Desde hace mucho tiempo una gran mayoría de los aficionados del Barça, y de la prensa local también, valoramos el fútbol artístico más que el puramente físico. Hablamos de la posesión del balón como un hecho determinante en el juego.

Hemos adoptado con naturalidad en nuestro vocabulario palabras como tiki-taka y rondo. Nos gusta más que el balón ruede por el césped como si fuera una bola en una mesa de billar y despreciamos aquellas jugadas en las que el balón es maltratado con un patadón.

Y empezamos a amar las victorias logradas con exquisitez, que sabían a caviar y dejaban sabores aromáticos. Incluso hablábamos de una excelencia que nos hacía sentir felices de un equipo que era admirado por todo el mundo. Entonces el Barça convirtió la victoria en una rutina y el dar exhibiciones con un juego sublime en un rito. Eso sí que era para que el barcelonismo se sintiera orgulloso.
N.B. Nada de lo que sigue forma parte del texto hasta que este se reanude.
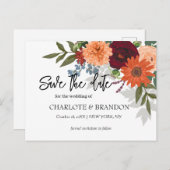 Carte Postale Faire-part Jardin d'automne de Bourgogne Fleurs Mariage Enreg (Devant / Derrière)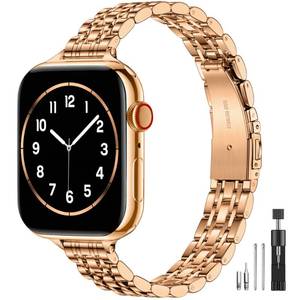 lot 18260 image: Lerobo Slim Metal Band for Apple Watch 38mm-46mm Rose Gold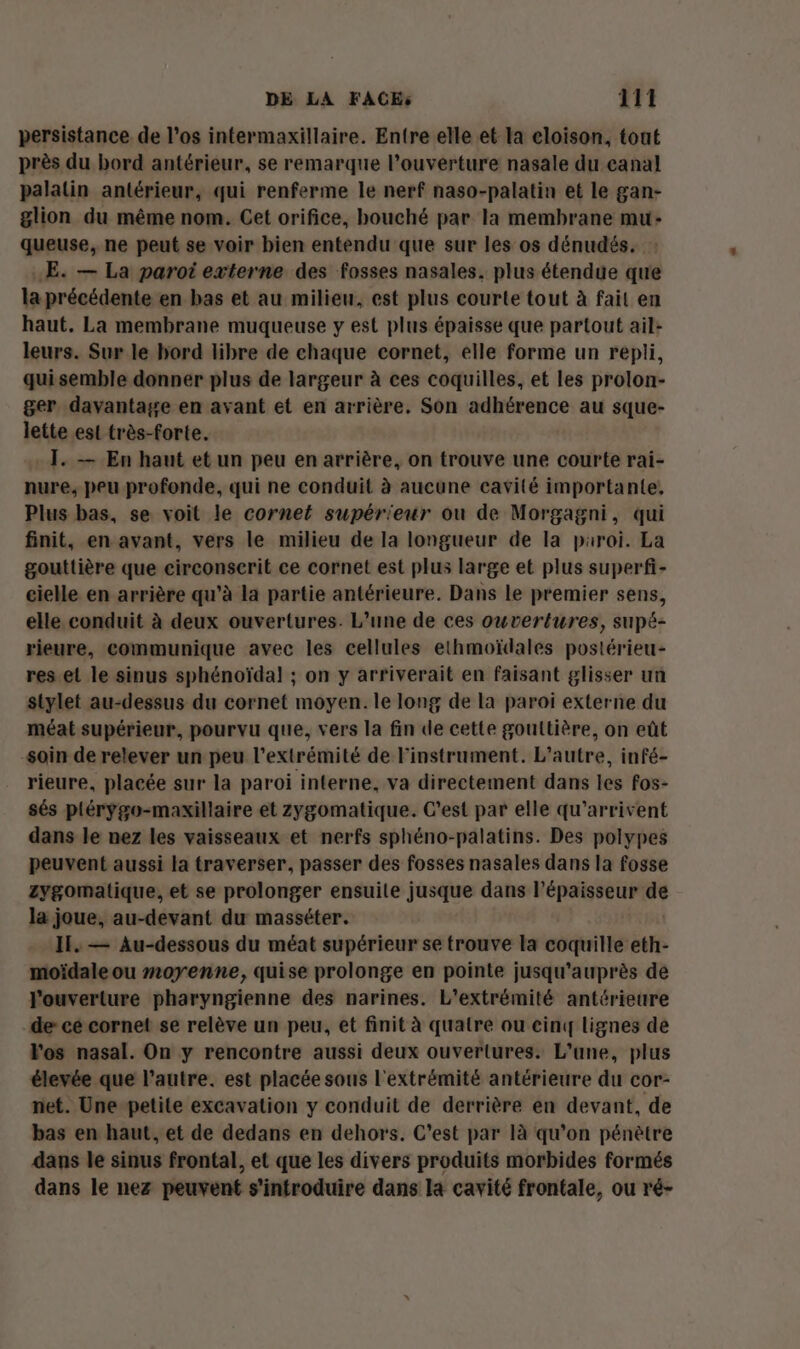 persistance. de l’os intermaxillaire. Entre elle et la cloison, tout près du bord antérieur, se remarque l'ouverture nasale du canal palalin antérieur, qui renferme le nerf naso-palatin et le gan- glion du même nom. Cet orifice, bouché par la membrane mu- queuse, ne peut se voir bien entendu que sur les os dénudés. …ÆE. — La paroi externe des fosses nasales. plus étendue que la précédente en bas et au milieu, est plus courte tout à fait en haut. La membrane muqueuse y est plus épaisse que partout ail- leurs. Sur le bord libre de chaque cornet, elle forme un repli, qui semble donner plus de largeur à ces coquilles, et les prolon- ger. davantage en avant et en arrière, Son adhérence au sque- lette est très-forte. - I. — En haut et un peu en arrière, on trouve une courte rai- nure, peu profonde, qui ne conduit à aucune cavité importante, Plus bas, se voit le cornet supérieur ou de Morgagni, qui finit, en avant, vers le milieu de la longueur de la paroi. La gouttière que circonserit ce cornet est plus large et plus superfi- cielle en arrière qu’à la partie antérieure. Dans le premier sens, elle conduit à deux ouvertures. L’une de ces ouvertures, supé- rieure, communique avec les cellules ethmoïdales postérieu- reset le sinus sphénoïdal ; on y arriverait en faisant glisser un stylet au-dessus du cornet moyen. le long de la paroï externe du méat supérieur, pourvu que, vers la fin de cette gouttière, on eût -soin de relever un peu l'extrémité de l'instrument. L'autre, infé- rieure, placée sur la paroi interne, va directement dans les fos- sés plérygo-maxillaire et zygomatique. C’est par elle qu’arrivent dans le nez les vaisseaux et nerfs sphéno-palatins. Des polypes peuvent aussi la traverser, passer des fosses nasales dans la fosse zygomatique, et se prolonger ensuile jusque dans l'épaisseur de la joue, au-devant du masséter. Il, — Au-dessous du méat supérieur se trouve la coquille eth- moïdale ou moyenne, quise prolonge en pointe jusqu’auprès de l'ouverture pharyngienne des narines. L'extrémité antérieure de: cé cornet se relève un peu, et finit à quatre ou cinq lignes de l'os nasal. On y rencontre aussi deux ouvertures. L'une, plus élevée que l’autre. est placée sous l'extrémité antérieure du cor- net. Une petite excavation y conduit de derrière en devant, de bas en haut, et de dedans en dehors. C’est par là qu’on pénètre dans le sinus frontal, et que les divers produits morbides formés dans le nez peuvent s'introduire dans la cavité frontale, ou ré-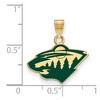 Black Bow Jewelry 14k Yellow Gold Plated Sterling Silver Minnesota Wild NHL Small Pendant - 2 of 3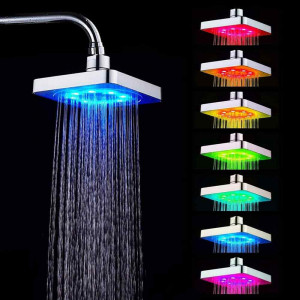 Vetrineinrete® Soffione doccia con led rgb quadrato 20x20 cm per cromoterapia doccia emozionale doccetta multicolore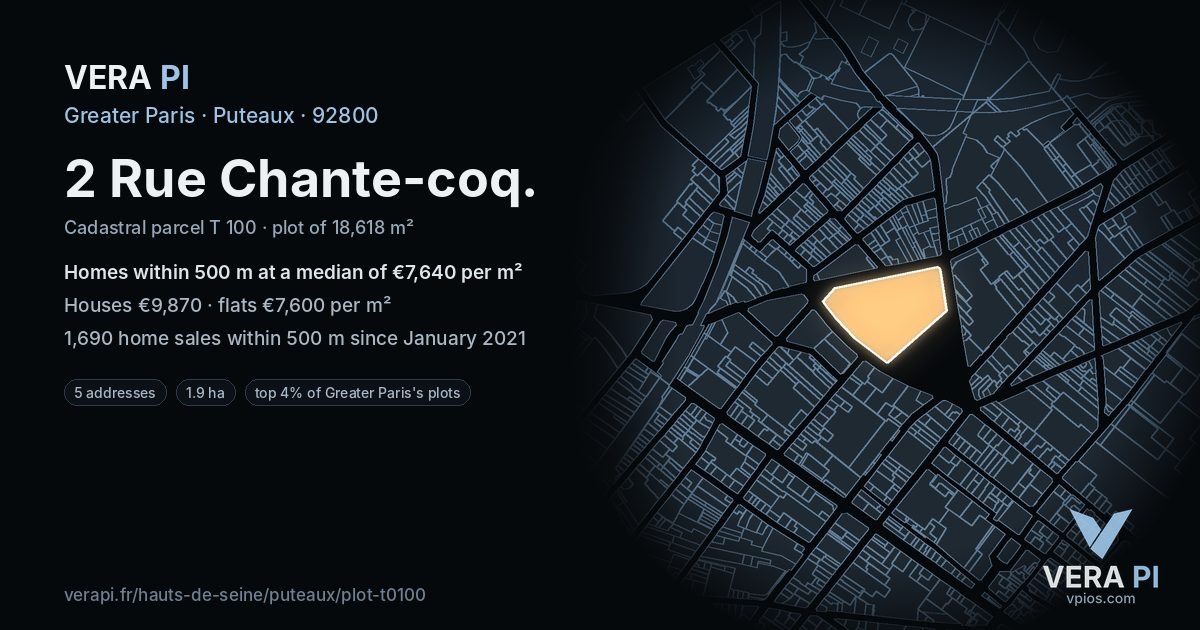 2 Rue Chante-coq, Puteaux at night – the plot lit, the parcels around coloured by the prices near them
Perder nunca ha sido un orgullo para el culé. Y hacerlo contra el Real Madrid, menos. Y no debería ser excusa que el equipo esté en fase de adaptación a esa mezcla de jóvenes jugadores como mucho talento y veteranos en proceso de jubilación. El Barça es el Barça. Aplaudir una derrota, sentirse orgulloso de forzar una prórroga es más propio de equipos pequeños y no de clubs de prestigio.

El discurso ofrecido por el presidente Joan Laporta al vestuario y los abrazos a Xavi Hernández después de la derrota en la Supercopa decepcionaron a muchos aficionados que así lo manifestaron en las redes sociales. Hablar de un Barça reencontrado sonó a exageración y a falso, ideal para recordar aquello de “al socio no se le puede engañar” o aquello otro de “que no les embauquen”.